Subject: Objective Questions and Answers of MBA: Business Economics 13

Part 13: Objective questions and answers of Business Economics

 

Q1. Direct control refers to:

a) Trade and exchange controls

b) Interference with the operation of the market forces

c) Price and wage controls

d) All of these

 

Q2. According to the keynesian model, the optimal fiscal policy is to

a) Increase cyclical but not structural deficits during a recession

b) Reduce cyclical and structural deficits during a recession

c) Increase structural deficits during a recession

d) Maintain a balanced budget in case of national emergency

 

Q3. The structural deficit is the deficit that

a) Is composed by of non-discretionary spending by the federal government

b) Results from the economy being below is natural rate of output

c) Exists when output is at its natural rate of output

d) Results from temporary tax cuts

 

Q4. A fall in the price of a commodity leads to

a) A shift in demand

b) A fall in demand

c) A rise in the consumer's real income

d) A fall in the consumer's real income

 

Q5. The utility of a commodity is:

a) Its expected social value

b) The extent of its practical use

c) Its relative scarcity

d) The degree of its fashion

 

Q6. The real business cycle theory

a) Argues for active stabilization policy.

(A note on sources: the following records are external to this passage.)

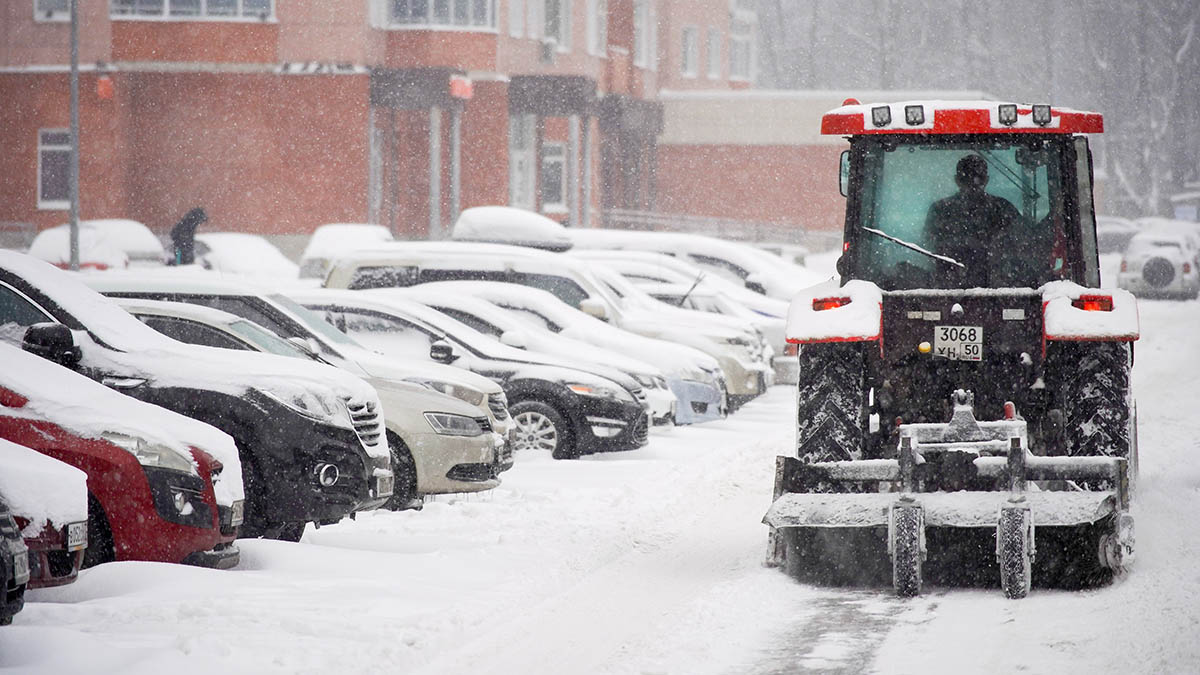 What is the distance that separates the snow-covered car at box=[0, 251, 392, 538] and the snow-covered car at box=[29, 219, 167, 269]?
21.0 m

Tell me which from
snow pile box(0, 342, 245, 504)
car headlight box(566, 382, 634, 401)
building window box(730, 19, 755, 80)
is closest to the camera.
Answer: snow pile box(0, 342, 245, 504)

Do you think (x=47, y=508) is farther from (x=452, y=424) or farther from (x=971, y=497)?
(x=452, y=424)

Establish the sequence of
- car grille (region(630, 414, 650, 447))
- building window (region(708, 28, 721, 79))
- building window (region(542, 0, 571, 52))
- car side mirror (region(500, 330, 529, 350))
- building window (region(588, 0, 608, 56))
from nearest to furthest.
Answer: car grille (region(630, 414, 650, 447))
car side mirror (region(500, 330, 529, 350))
building window (region(542, 0, 571, 52))
building window (region(588, 0, 608, 56))
building window (region(708, 28, 721, 79))

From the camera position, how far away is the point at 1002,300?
9312 mm

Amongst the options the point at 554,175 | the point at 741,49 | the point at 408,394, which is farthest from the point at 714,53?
the point at 408,394

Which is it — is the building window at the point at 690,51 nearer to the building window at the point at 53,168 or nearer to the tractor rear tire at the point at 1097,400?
the building window at the point at 53,168

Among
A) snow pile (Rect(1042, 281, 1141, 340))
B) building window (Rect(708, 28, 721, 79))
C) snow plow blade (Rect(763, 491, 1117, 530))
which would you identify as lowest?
snow plow blade (Rect(763, 491, 1117, 530))

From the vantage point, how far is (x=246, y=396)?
9578 mm

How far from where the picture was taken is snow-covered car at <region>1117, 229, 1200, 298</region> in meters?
37.1

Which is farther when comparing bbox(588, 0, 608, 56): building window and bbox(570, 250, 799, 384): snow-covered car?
bbox(588, 0, 608, 56): building window

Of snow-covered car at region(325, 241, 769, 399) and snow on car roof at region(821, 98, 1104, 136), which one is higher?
snow on car roof at region(821, 98, 1104, 136)

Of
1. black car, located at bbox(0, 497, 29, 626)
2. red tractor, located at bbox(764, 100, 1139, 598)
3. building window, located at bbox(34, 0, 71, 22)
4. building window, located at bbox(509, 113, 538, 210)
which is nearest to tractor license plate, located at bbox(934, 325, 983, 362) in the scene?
red tractor, located at bbox(764, 100, 1139, 598)

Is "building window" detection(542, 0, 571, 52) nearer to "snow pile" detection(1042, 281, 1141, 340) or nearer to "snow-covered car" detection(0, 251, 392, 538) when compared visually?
"snow-covered car" detection(0, 251, 392, 538)

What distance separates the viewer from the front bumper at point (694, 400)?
17141 millimetres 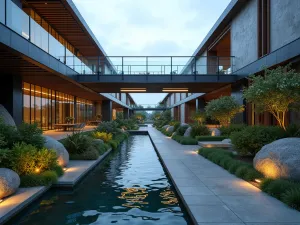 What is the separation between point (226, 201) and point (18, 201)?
4150 mm

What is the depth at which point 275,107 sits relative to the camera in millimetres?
10703

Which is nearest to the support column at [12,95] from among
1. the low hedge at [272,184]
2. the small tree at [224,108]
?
the low hedge at [272,184]

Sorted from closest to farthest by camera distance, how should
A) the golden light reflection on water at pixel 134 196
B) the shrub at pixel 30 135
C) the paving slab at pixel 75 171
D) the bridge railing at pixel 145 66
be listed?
the golden light reflection on water at pixel 134 196, the paving slab at pixel 75 171, the shrub at pixel 30 135, the bridge railing at pixel 145 66

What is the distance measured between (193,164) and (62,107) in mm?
22461

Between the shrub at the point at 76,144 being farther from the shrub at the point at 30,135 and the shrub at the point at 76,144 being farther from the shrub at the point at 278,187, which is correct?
the shrub at the point at 278,187

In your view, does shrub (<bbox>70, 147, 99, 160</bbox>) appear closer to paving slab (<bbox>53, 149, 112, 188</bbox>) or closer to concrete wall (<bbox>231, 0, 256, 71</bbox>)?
paving slab (<bbox>53, 149, 112, 188</bbox>)

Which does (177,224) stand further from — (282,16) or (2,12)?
(282,16)

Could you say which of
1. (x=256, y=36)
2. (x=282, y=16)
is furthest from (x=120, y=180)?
(x=256, y=36)

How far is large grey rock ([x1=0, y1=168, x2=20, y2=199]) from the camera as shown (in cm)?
603

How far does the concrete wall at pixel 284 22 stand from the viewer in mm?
12884

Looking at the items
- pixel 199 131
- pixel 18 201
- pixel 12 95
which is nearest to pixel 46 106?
pixel 12 95

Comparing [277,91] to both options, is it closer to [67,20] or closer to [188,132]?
[188,132]

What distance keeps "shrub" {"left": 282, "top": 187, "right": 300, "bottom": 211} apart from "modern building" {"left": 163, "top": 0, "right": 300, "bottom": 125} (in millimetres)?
7717

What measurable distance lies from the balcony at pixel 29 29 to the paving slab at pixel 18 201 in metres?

b) Argues for interventionist policies in response to recessions

c) Is in favor of a constant money growth rate rule for the money stock

d) Is an offshoot of monetarist theory

e) None of the above

 

Q7. In real business cycle models, business cycles are caused by _________________, while in new keynesian model business cycles are caused by _________________

a) Aggregate demand ; aggregate demand

b) Aggregate demand ; aggregate supply

c) Aggregate supply; aggregate demand

d) Fiscal policy ; monetary policy

 

Q8. Many economists who accept the real business cycle explanations of economic fluctuations

a) Believe that the sharpe rise in the relative price of imported oil was the central cause of the deep recession in the united states in the mid-1970s

b) Believe that the restrictive federal reserve monetary policy was the central cause of the deep recession in the united states in the mid-1970s

c) Believe that the sharpe rise in the relative price of imported oil was not the main cause of the deep recession in the united states in the mid-1970s

d) Both a and c

e) None of the above

 

Q9. Determination of price through interaction of demand and supply was introduced by:

a) Keynes

b) Marshall

c) Pigou

d) Walras

 

Q10. Factor intensity as it is used in economics, is primarily s:

a) Relative concept

b) Absolute concept

c) Abstract concept

d) Empirical concept

 

Q11. The traffic which maximizes a country's economic welfare is called

a) Discriminatory traffic

b) Protective traffic

c) Optimum traffic

d) Non-discriminatory traffic

 

Q12. The role of the progressive tax system as an autonomous fiscal stabilizer requires that the budget

a) Should require actual deficits be equal to zero on average

b) Should go into a surplus at appropriate points in the business cycle.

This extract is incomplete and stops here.